You know what fictional restaurant I’d love to see come to life? The Krusty Krab, from Spongebob Squarepants. I mean, what 90s child hasn’t dreamed of sinking their teeth into a bonafide Krabby Patty?
Of course, there have been attempts to bring Mr. Krabs’ pride and joy to life before. There is a restaurant in Palestine that’s been open for a while, but no official Krusty Krab exists in the US yet. One restaurateur’s recent attempt to make that happen has sadly fallen short.
Viacom, the media conglomerate that owns and runs Spongebob, won a legal challenge to keep Javier Ramos from using the restaurant’s name for his own seafood chain. According to Reuters, Viacom doesn’t own the trademark for “The Krusty Krab,” which is why this guy and his investor group, IJR Capital Investments LLC, thought they could utilize the name for their restaurants.
The name may have never been filed with the US Patent and Trademark Office, but its usage in countless episodes of Spongebob and associated merch has created an association and “trademark” worth protecting, according to the judges.

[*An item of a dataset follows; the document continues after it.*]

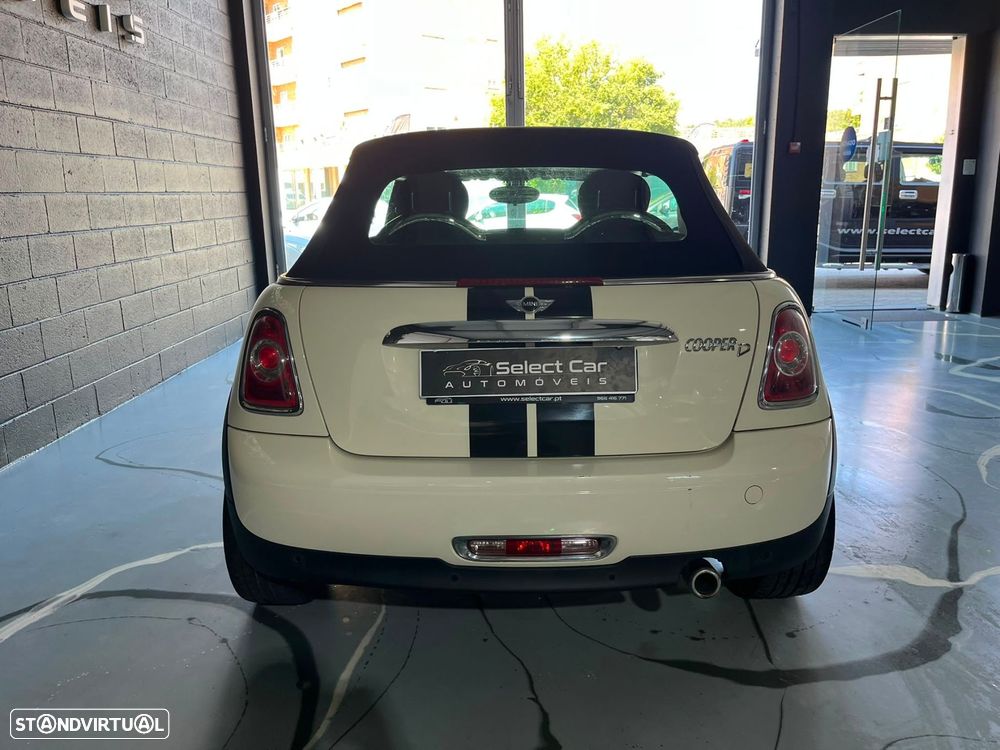 MINI 3 Portas Cooper D - 13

Unfortunately, that does kill the restaurateur’s current dreams of having his own Krusty Krab chain. It’s not all lost, however, as Viacom may be willing to license naming rights to the guy to make the restaurants happen. That possibility isn’t outlandish, considering that the media giant does the exact same thing with Bubba Gump Shrimp Co. restaurants, which are associated with the legendary film Forrest Gump.
That makes this legal decision more of a roadblock than a obstacle to keeping a Krusty Krab from opening in the US. Who knows? Maybe Viacom will be willing to let a few open up one day.
Just don’t let Patrick Star run the phone lines.